Figure 1 is a schematic explanatory diagram of a group of rolls in continuous casting equipment;
FIG. 2 is a longitudinal sectional view of a composite roll according to the prior art, FIGS. FIG. 5 is a perspective view of the composite roll shown in FIG. 4; FIGS. 6(a) to (C) are explanatory views showing the cross-sectional shape of the key; FIG. 7 is a partially cutaway side view of an embodiment of the roll; (a) to (c) are explanatory diagrams of keyways arranged in a staggered arrangement, Fig. 8 is a side view showing another embodiment of the composite roll according to the present invention, and Fig. 9 is a thick sleeve connected to an arbor.
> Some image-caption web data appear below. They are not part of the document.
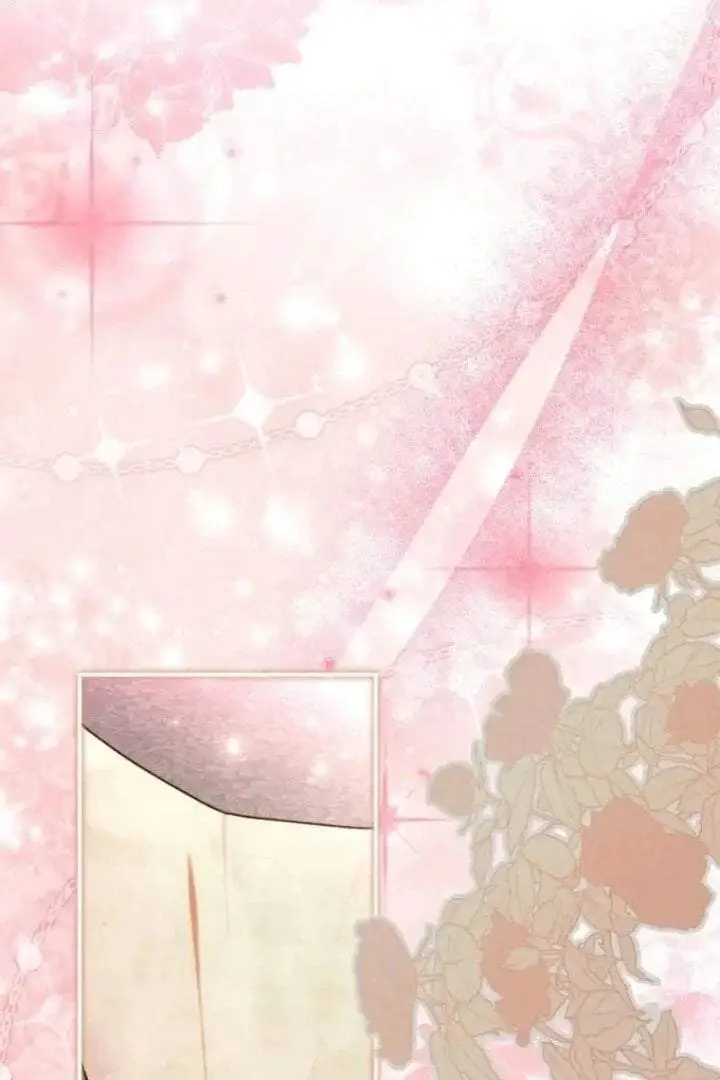image-komik-the-male-leads-little-lion-daughter-chapter-124-24/74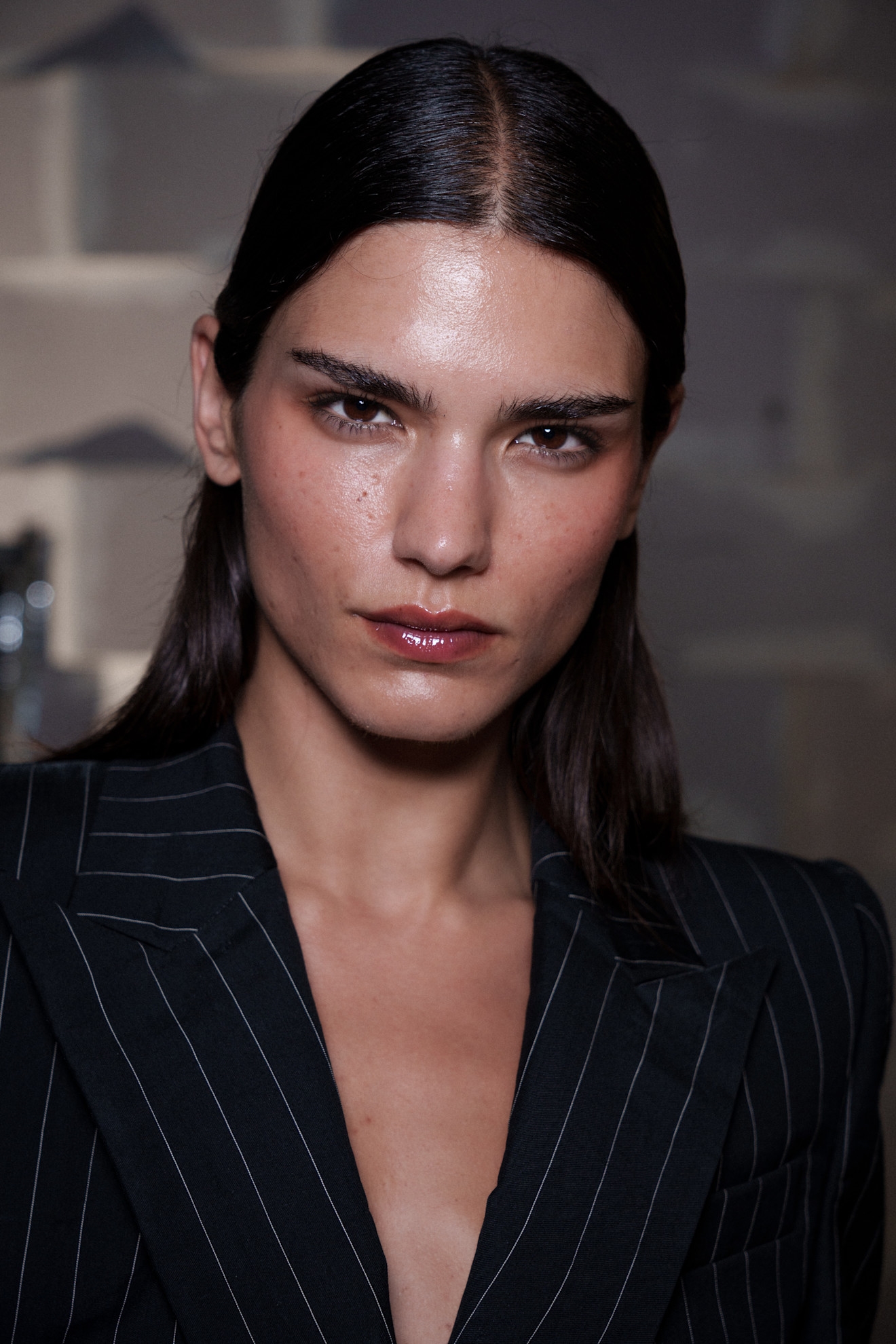 2 φυσικά έλαια που σταματούν τη γήρανση της επιδερμίδας - εικόνα 1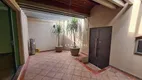 Foto 2 de Casa com 3 Quartos à venda, 229m² em Nova América, Piracicaba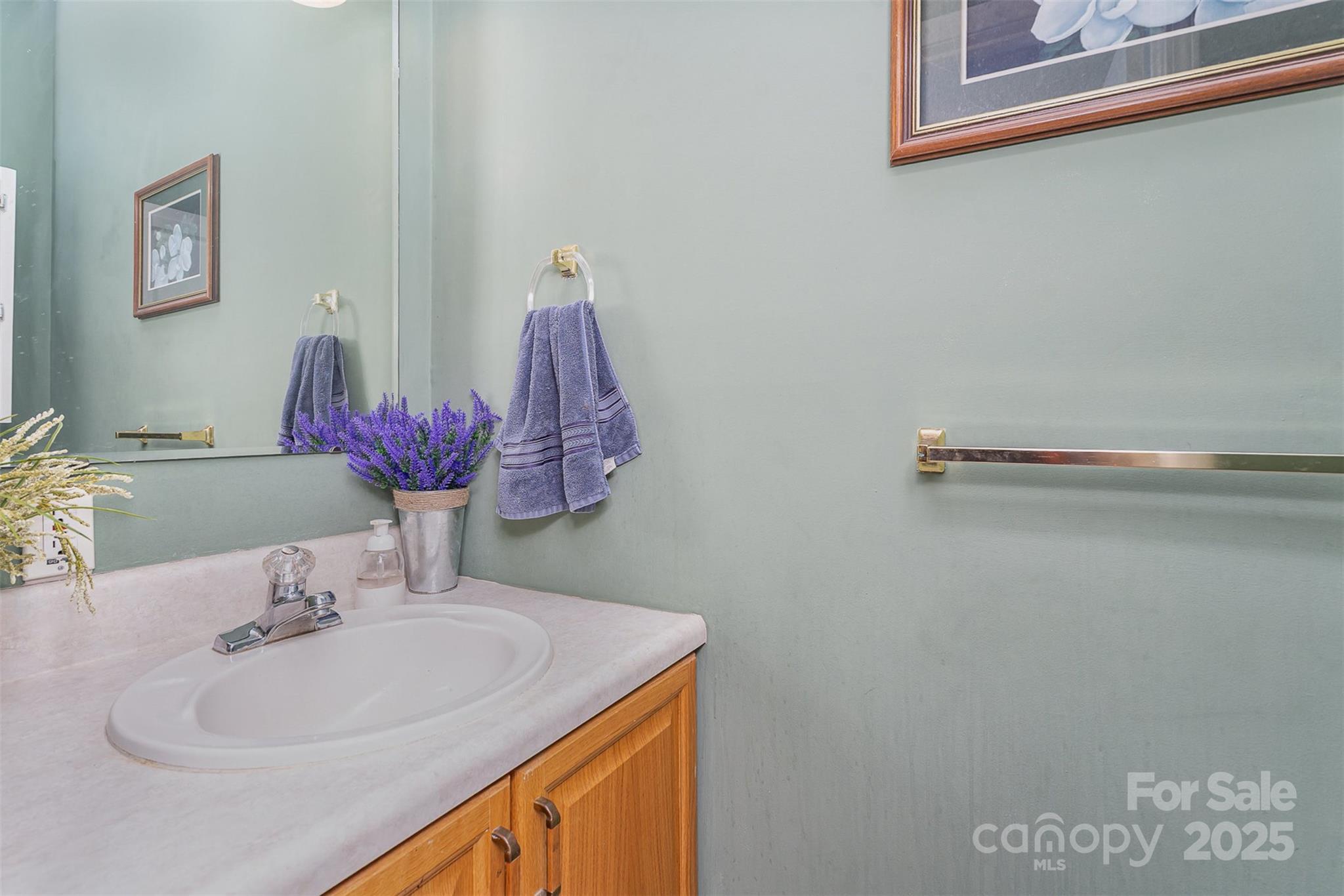 940 Hatchett Road Lincolnton, NC 28092 - Photo 19 of 27 Gallery Image 19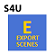 sketchup������ͼ���S4U Export Scenes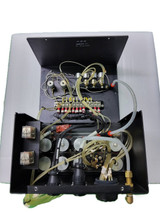 Applied Materials Pneumatics Box 0010-70415 for Industrial Use
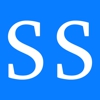 Salon Serenity gallery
FIG. 10 is a longitudinal sectional view of yet another embodiment of the composite roll according to the present invention, and FIG. 11 is a part of the split sleeve shown in FIG. 10. FIG. 12 is a schematic view showing an arrangement example of a composite roll group, and FIG. 13 is a schematic diagram showing an example arrangement of a composite roll group for carrying out the method of using the composite roll according to the present invention. 38... Arbor 40... Sleeve g.
...expansion allowance

Claims (2)

[Claims] (1) Consisting of an arbor and a plurality of divided sleeves inserted into the outer periphery of the arbor, the plurality of sleeves have a predetermined expansion margin between adjacent sleeves, and the plurality of sleeves A composite roll characterized in that a sleeve located at least in the middle is attached to the arbor so as to be slidable in both longitudinal directions of the arbor, but not rotatable in the circumferential direction. (2) Consisting of an arbor and a plurality of divided sleeves inserted through the outer periphery of the arbor, the plurality of sleeves have a predetermined expansion margin between adjacent sleeves, and the plurality of sleeves The sleeve located at least in the middle has a number of parallel composite rolls attached to the arbor at predetermined intervals so that the sleeve can slide in both longitudinal directions of the arbor and cannot rotate in the circumferential direction. When disposing the composite roll, the expansion allowance formed on each composite roll is arranged so that it matches the expansion allowance formed on another composite roll adjacent to the composite roll by 1illlliL. How to use the mating roll.